# need some help with rust repair (product)



## JCT (Feb 1, 2012)

due to capillary action the driver side is the worst area in my leaking trunk area it's right on the body seams, i have no idea when the sealer failed was way before i got the car

driver side









behind









passenger side









behind









what products do you recommend that will help stop this issue.

http://www.eastwood.com/ew-seam-sealer-and-rust-encapsulator-kit.html (i know i probably just answered my own question with that link) 

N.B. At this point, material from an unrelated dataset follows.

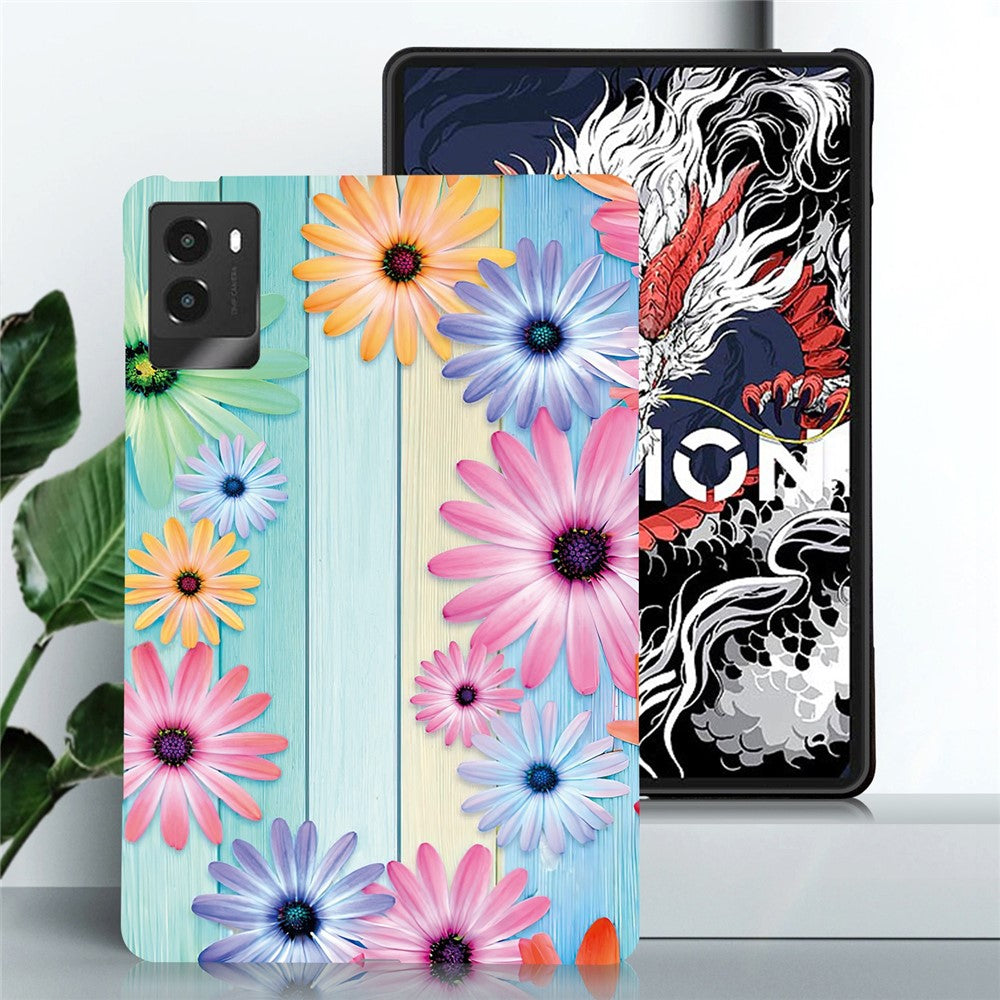 For Lenovo Legion Y700 (2025) Case Pattern Printing Slim Soft TPU Tablet Cover - Sunflower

i was going to let the body shop fix all the rust on my car but they 4 times the price i paid for the car O_O so i'm going to be doing the work my self and i never done anything like this. but i'm jumping in with both feet and having at it. first step is to stop the trunk leak and then tackle the holes in the cabin floor


----------



## Sold Over Sticker (Nov 29, 2009)

Grind down the red stuff till you get to good metal, and then a product like that will work well. Depending on how deep the rot is, you might need to weld in fresh metal, or fiberglass a little bit.


----------



## JCT (Feb 1, 2012)

i have no welding skills, i did buy some long strand bondo glass


----------



## MAG58 (Oct 15, 2011)

JCT said:


> i have no welding skills, i did buy some long strand bondo glass


This is not going to stop any rust. 

Here's the problem. If this car has seen winter in Indiana, the rust will continue until the MgCl2 crystals are cleaned out from the pores of the metal. The rust needs to be ground down, the remaining clean metal needs to be cleaned and prepped with a rust inhibitor after being washed clean, and then fresh metal needs to replace it. Following, it needs to be sealed with an epoxy primer before repaint. 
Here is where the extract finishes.